#### WHAT THE TASK ASKS
Starting at the line that contains "Rodeo Time Men's" and stopping at the line that contains "El Restaurant de", restate each line of the records below exactly. Omit the pictures.

#### EXTRACTED DATA
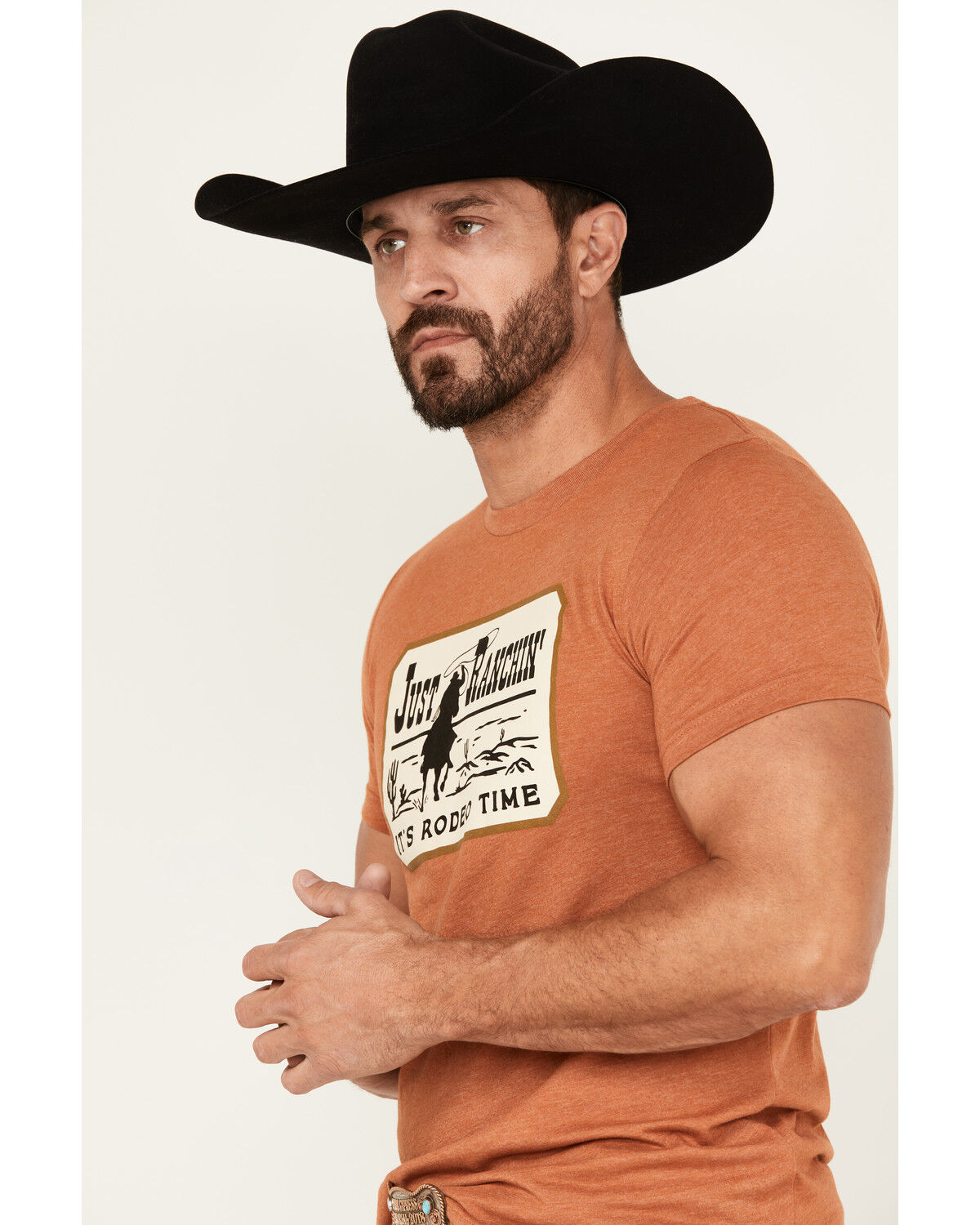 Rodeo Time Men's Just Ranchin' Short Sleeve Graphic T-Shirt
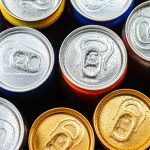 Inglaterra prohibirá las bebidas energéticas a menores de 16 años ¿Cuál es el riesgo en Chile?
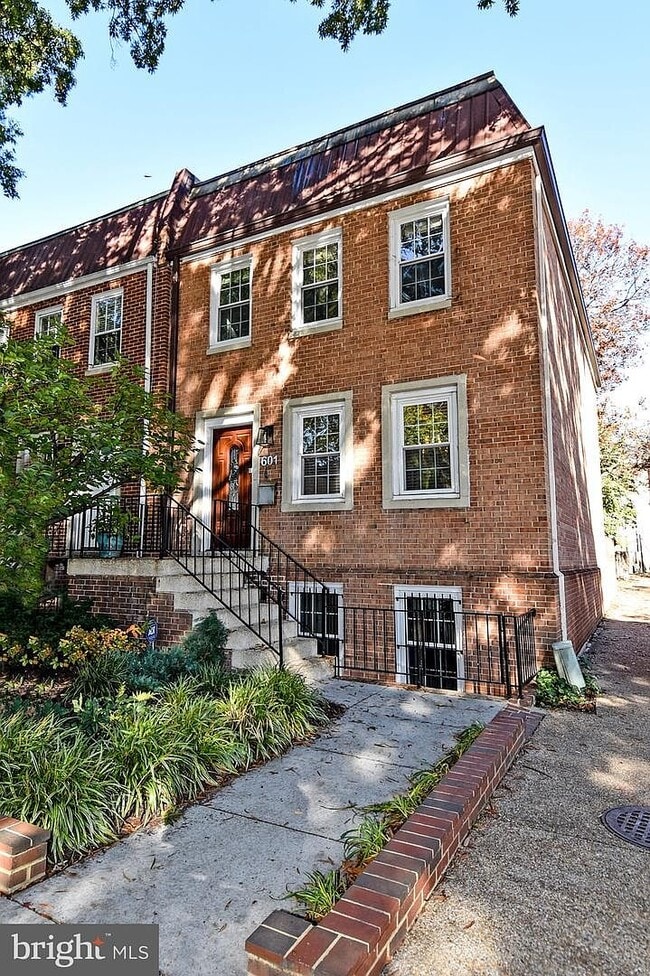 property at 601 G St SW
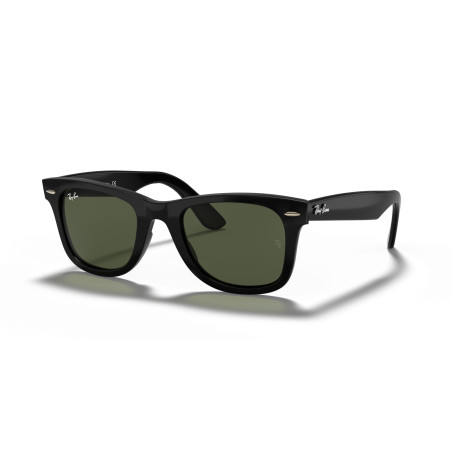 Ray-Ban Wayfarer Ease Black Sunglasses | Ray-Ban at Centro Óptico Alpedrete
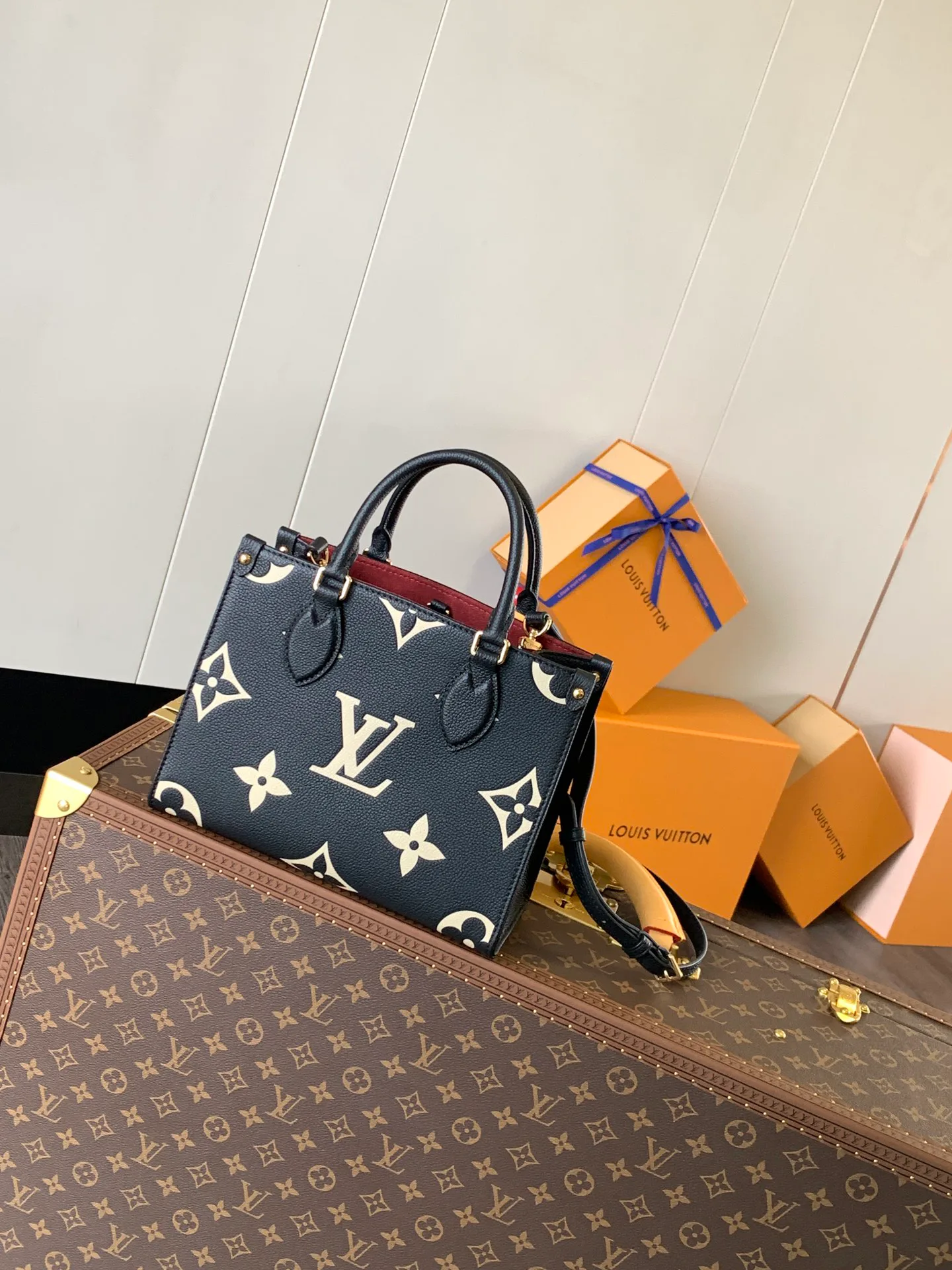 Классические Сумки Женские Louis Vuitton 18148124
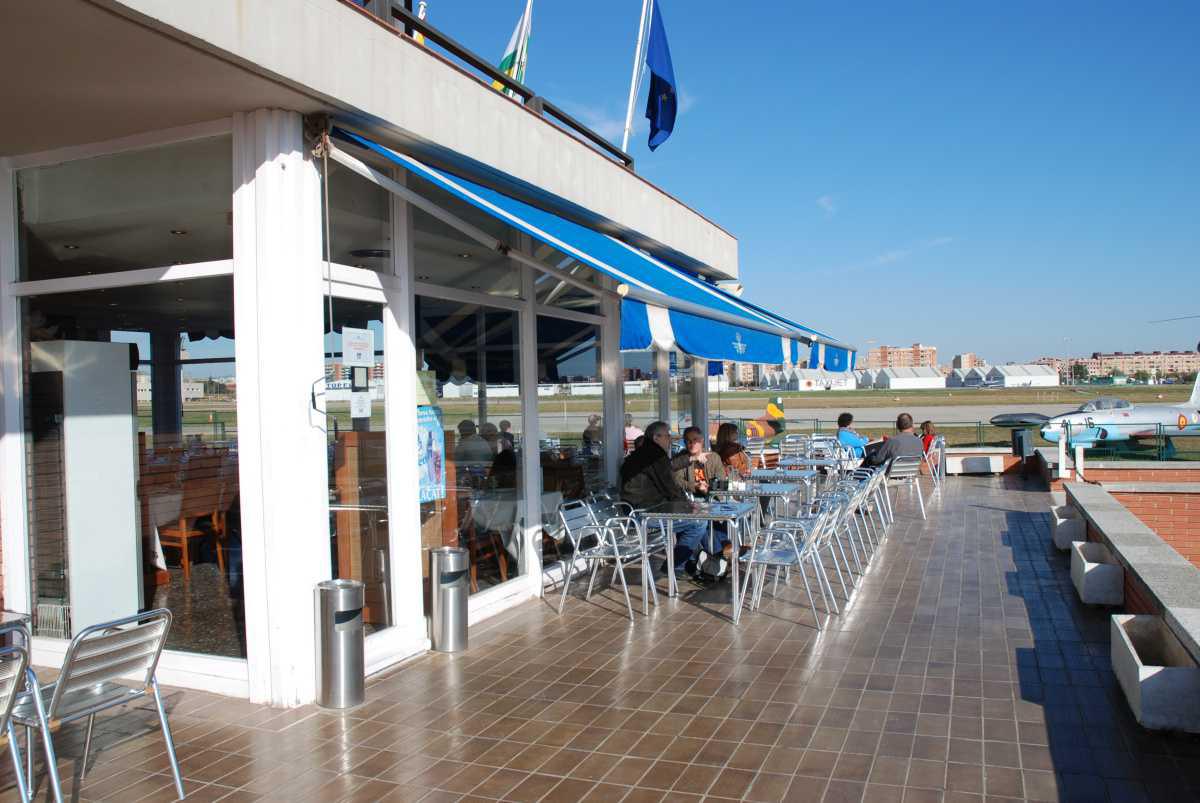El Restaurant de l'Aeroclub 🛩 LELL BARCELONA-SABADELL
==
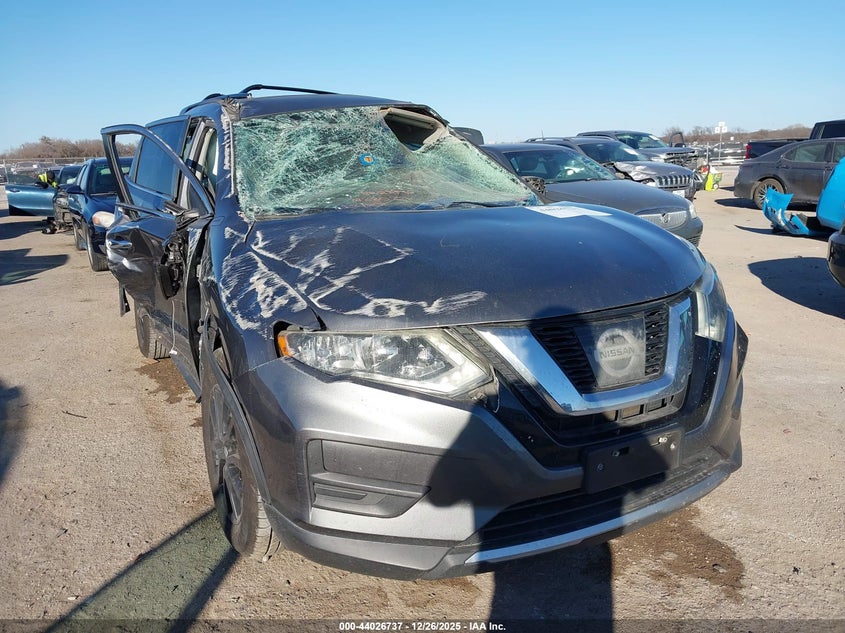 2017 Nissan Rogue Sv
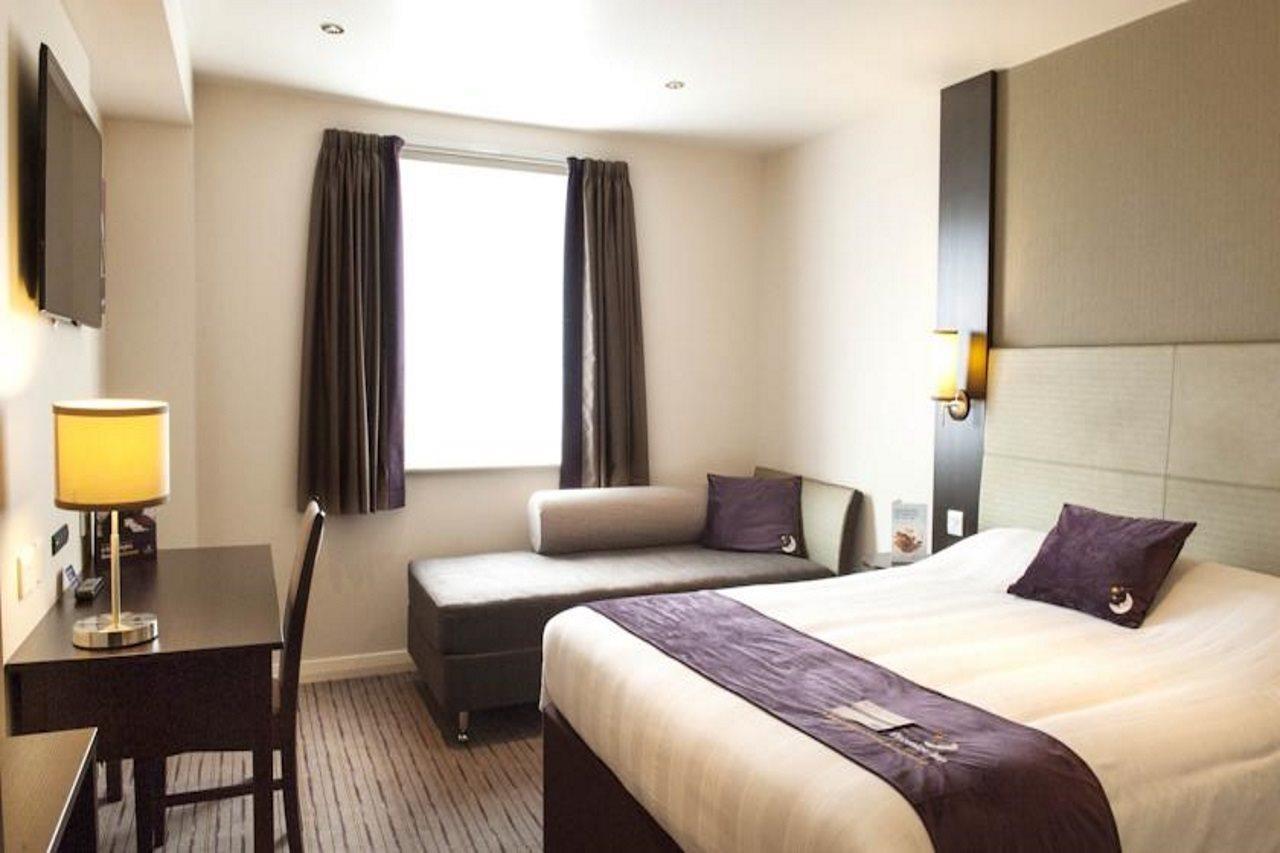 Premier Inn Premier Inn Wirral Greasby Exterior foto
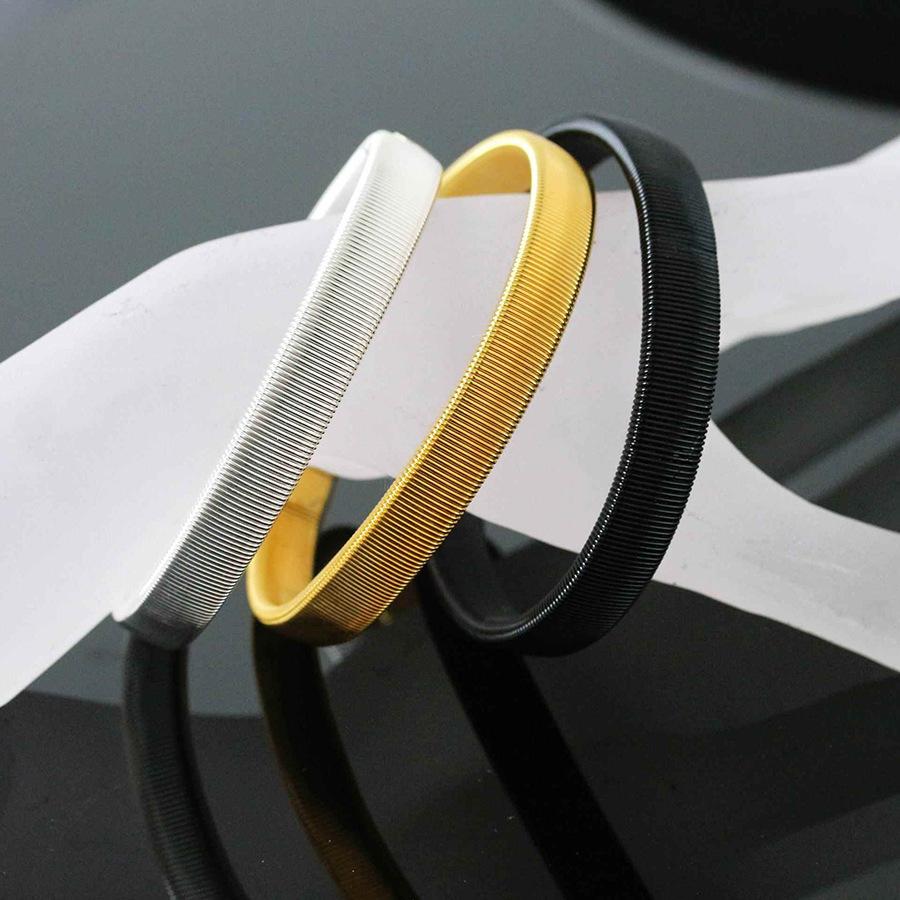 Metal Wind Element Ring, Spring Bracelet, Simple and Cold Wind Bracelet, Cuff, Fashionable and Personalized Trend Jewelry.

#### WRITTEN SOLUTION
 Rodeo Time Men's Just Ranchin' Short Sleeve Graphic T-Shirt
 Inglaterra prohibirá las bebidas energéticas a menores de 16 años ¿Cuál es el riesgo en Chile?
 property at 601 G St SW
 Ray-Ban Wayfarer Ease Black Sunglasses | Ray-Ban at Centro Óptico Alpedrete
 Классические Сумки Женские Louis Vuitton 18148124
El Restaurant de l'Aeroclub 🛩 LELL BARCELONA-SABADELL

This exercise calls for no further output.